Why the Answer Is Not pH = 0.70
A common mistake is to treat 0.20 M HOCl like a strong monoprotic acid. If you did that, you would set [H+] = 0.20 M and calculate:
pH = -log(0.20) ≈ 0.70
That result is completely inappropriate for HOCl because weak acids do not fully dissociate. The actual pH near 4.11 is much higher. This difference is not minor; it reflects a hydronium concentration that is thousands of times smaller than the strong-acid assumption.
| Model | Assumed [H+] | Calculated pH | Interpretation |
|---|---|---|---|
| Incorrect strong-acid treatment | 0.20 M | 0.70 | Not valid because HOCl is weak and only slightly ionizes. |
| Weak-acid approximation | 7.75 × 10-5 M | 4.11 | Standard textbook estimate using Ka = 3.0 × 10-8. |
| Quadratic exact method | Approximately 7.74 × 10-5 M | Approximately 4.11 | Nearly identical to the approximation at this concentration. |
Understanding HOCl in Real Chemistry
Hypochlorous acid matters far beyond homework. It is one of the chemically active chlorine species relevant to water disinfection, surface sanitation, and oxidation chemistry. In water treatment and public health contexts, acid-base behavior is important because the balance between HOCl and OCl– influences disinfecting performance. HOCl is generally the more effective disinfectant species, and its proportion depends strongly on pH.
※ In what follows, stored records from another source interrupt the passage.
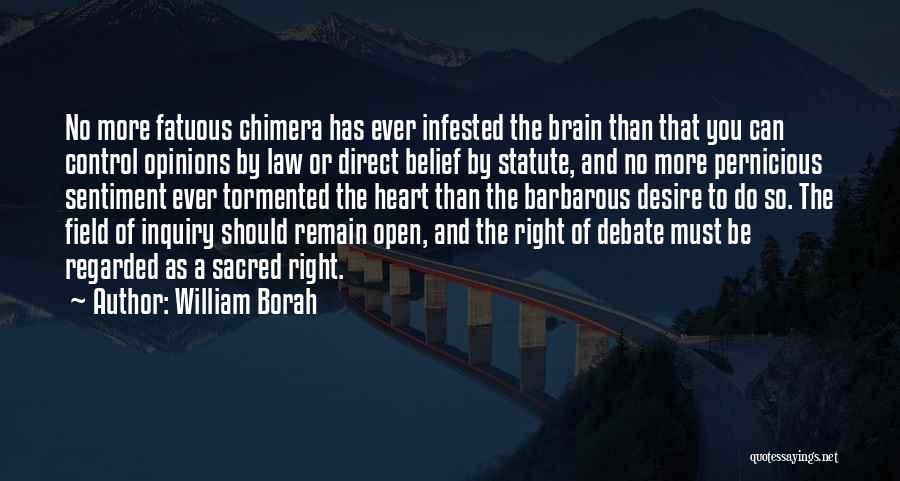 William Borah Quotes: No More Fatuous Chimera Has Ever Infested The Brain Than That You Can Control Opinions By Law Or Direct Belief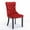 Wine Red, variant on Set of 4 Velvet Fabric Dining Chairs Luxury Tufted Back with Nailed Trim and Back Ring Pull Home Kitchen Dining Room Chairs Armless Accent Side Chairs Solid Rubber Wood Legs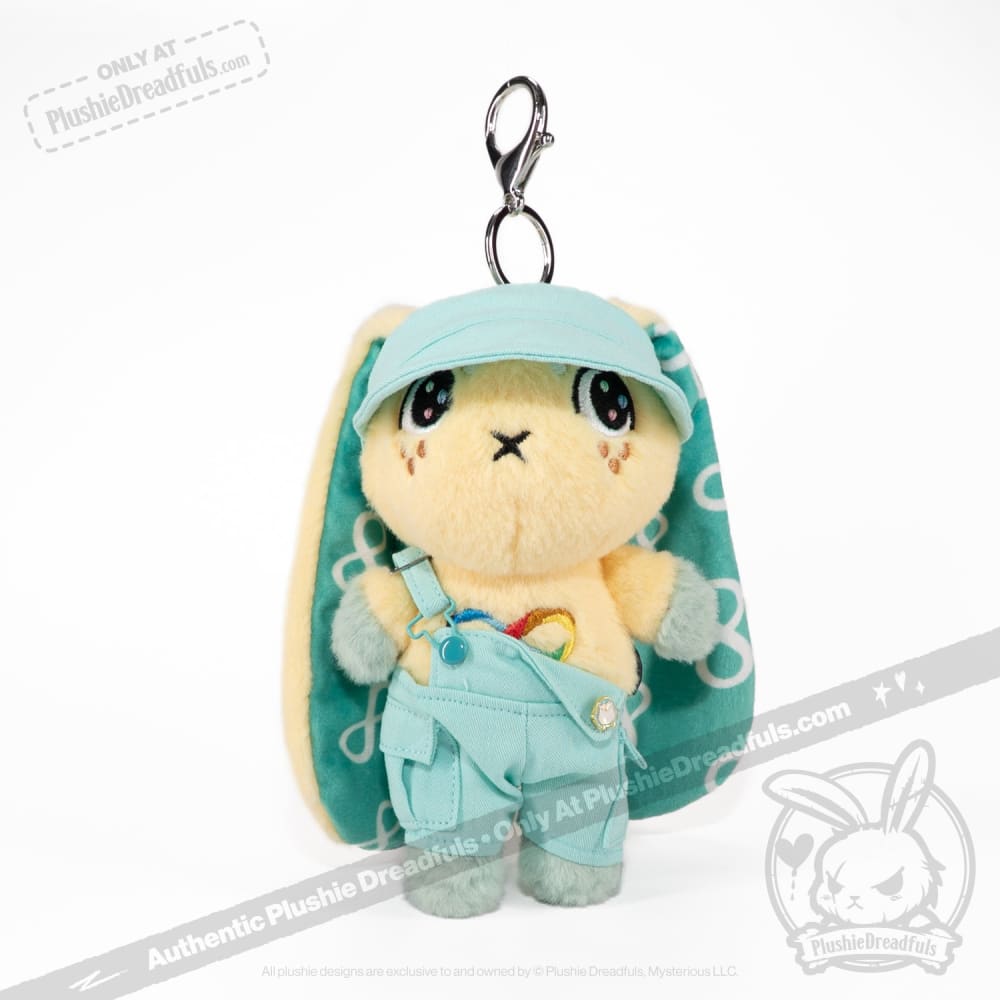 Mini Plush Outfit - Teal off the Shoulder Overalls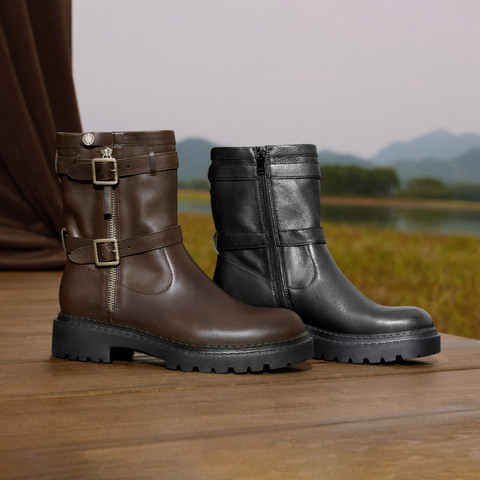 思加图2025秋季新款西伦敦工装靴机车靴中靴时装靴女靴子EIU02DZ5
That means pH calculations are not just abstract exercises. They connect directly to how chlorine-based sanitizing systems work in pools, drinking water treatment, healthcare environments, and food safety applications. When pH shifts upward, a greater fraction of free chlorine exists as OCl–, changing effectiveness.
Useful Approximation Rule for Weak Acids
For a weak monoprotic acid HA with initial concentration C and acid dissociation constant Ka, if dissociation is small, then:
[H+] ≈ √(Ka × C)
This shortcut is extremely useful. For this problem:
- Set Ka = 3.0 × 10-8
- Set C = 0.20
- Multiply to get 6.0 × 10-9
- Take the square root to get 7.75 × 10-5 M
- Take negative log to get pH = 4.11
If you are solving weak-acid questions quickly on an exam, this pattern should become automatic.
Comparison With Other Acids and Concentrations
It can help to compare HOCl with stronger weak acids and with strong acids. The table below shows how dramatically the pH changes depending on acid strength and concentration assumptions.
| Solution | Approximate Ka | Concentration | Approximate pH |
|---|---|---|---|
| HOCl | 3.0 × 10-8 | 0.20 M | 4.11 |
| Acetic acid | 1.8 × 10-5 | 0.20 M | About 2.72 |
| HF | 6.8 × 10-4 | 0.20 M | About 2.00 |
| Strong monoprotic acid | Very large | 0.20 M | 0.70 |
This comparison makes the chemistry intuitive. HOCl is much weaker than acetic acid and far weaker than HF, so its pH at the same concentration is higher. And compared with a true strong acid, the difference is massive.
Common Student Errors
- Using strong-acid logic instead of weak-acid equilibrium.
- Forgetting to square x in the Ka expression.
- Using pKa directly without converting correctly.
- Ignoring units or entering concentration in the wrong scale.
- Failing to check whether the small-x approximation is justified.
If you remember nothing else, remember this: HOCl is weak, so use Ka, not full dissociation.
Authoritative Chemistry References
For broader background on aqueous chlorine chemistry, acid-base equilibria, and water disinfection science, review these sources:
- U.S. Environmental Protection Agency: Drinking Water Regulations and Contaminants
- Centers for Disease Control and Prevention: Cleaning and Disinfecting With Bleach
- Chemistry LibreTexts Educational Resource
Final Answer
Using Ka = 3.0 × 10-8 for hypochlorous acid and an initial concentration of 0.20 M, the equilibrium hydronium concentration is approximately 7.75 × 10-5 M. Therefore, the pH of a 0.20 M HOCl solution is about 4.11.
That value is the result you should expect unless your instructor or reference source gives a different Ka at a specified temperature. If a different Ka is supplied, you should use that value instead, but the method remains the same.